Genesis 26:1–33

Genesis 26:1–33

This pericope appears to be a flashback. The events of Genesis 26 likely occur in the two decades of Rebekah’s barrenness, for it is inconceivable that Isaac’s lie that Rebekah was his sister would have gone undetected by the men of Gerar for “a long time” (Gen 26:8): had there been two kids running around in Isaac’s camp, the game would have been up. In addition, in 25:11, God is shown blessing Isaac, yet that blessing is only a promise in 26:3, later fulfilled in 26:12. So this pericope is a flashback. But why? And why two discrete episodes in this flashing-back pericope (26:1–11 and 26:12–35)?
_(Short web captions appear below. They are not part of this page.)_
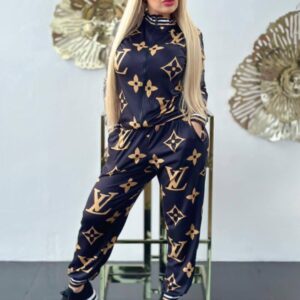 Pantaloni: Lungime completă, tip jogger (cu elastic la gleznă), cu același model monogramă.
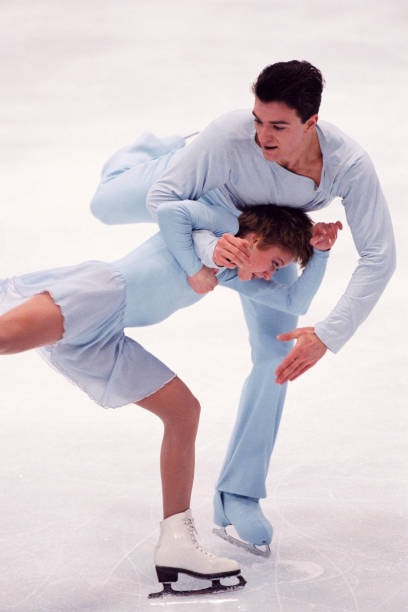 Elena Berezhnaya & Anton Sikharulidze Olympics 1998 OLD FIGURE SKATING PHOTO 1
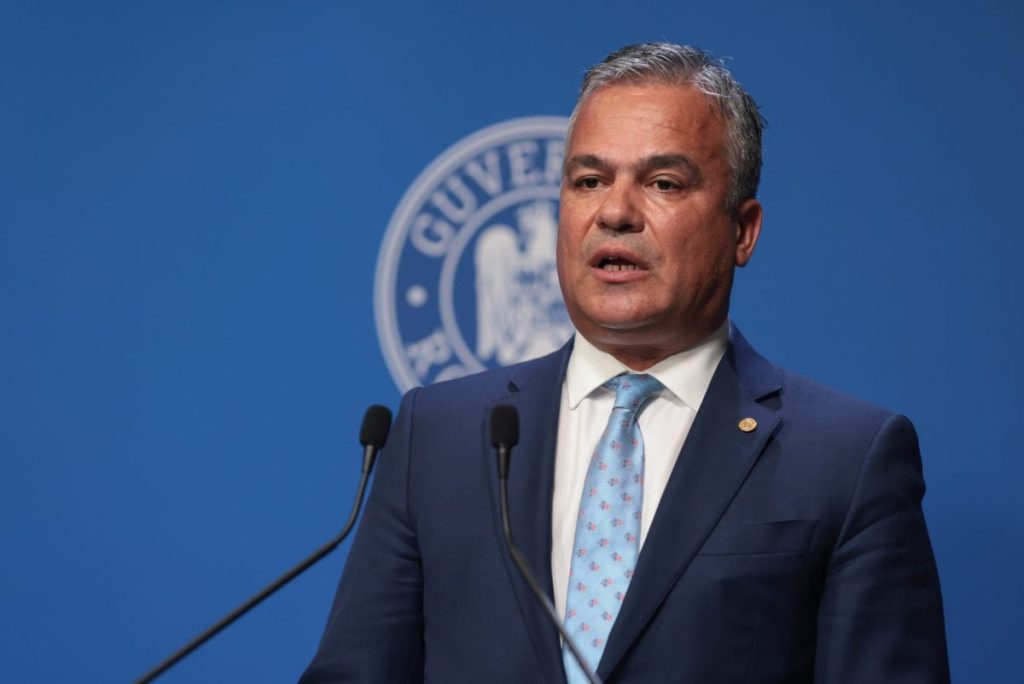 Adrian Veștea anunță depunerea programului de guvernare și a listei miniștrilor joi în Parlament Adrian Veștea, premierul desemnat, a declarat că programul de guvernare se află în „etapa finală de definitivare”, urmând ca joi dimineață, 18 iunie 2026, să depună în Parlament lista miniștrilor și planul de guvernare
God instructs Isaac quite specifically that he is not to go to Egypt, but to stay in “this land” (26:1, 3). Since he decreed that Isaac dwell in Gerar (26:3), it would have been appropriate for Isaac to expect God to protect him, especially since God also explicitly promised to be with the patriarch (26:3). Later, even foreigners—Abimelech and Phicol—acknowledge this fact (26:28). And notice that that promise of divine presence, blessing, and land is to “you and to your descendants” (26:3). The word “descendants” (zera‘) echoes four times in God’s utterance to Isaac in 26:3–4. Isaac is assured of divine protection, at least until such descendants are produced.
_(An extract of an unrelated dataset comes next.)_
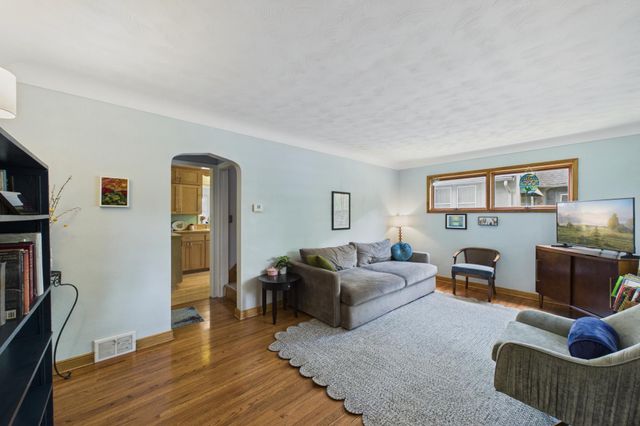 776 Como Avenue, Saint Paul, MN 55103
Promised blessing—unambiguous and unequivocal.

But it appears that the patriarch does not put much stock in divine promises. In 26:7–11, Isaac passes off his wife, Rebekah, as his sister, fearing for the safety of his own life, even willing to jeopardize the welfare of his spouse. After the divine promise of presence grounded in a divine oath (26:3), one must conclude that Isaac’s fear was unjustified. Remember, this episode occurs before the couple had children. Surely, Isaac’s life was secure in light of God’s fourfold affirmation that Isaac would produce descendants.

Promised blessing—unambiguous and unequivocal. Deception manifests distrust in God.

So in the first episode we have a man not trusting God and his word. In response to fear and threats to his own life, he falls apart.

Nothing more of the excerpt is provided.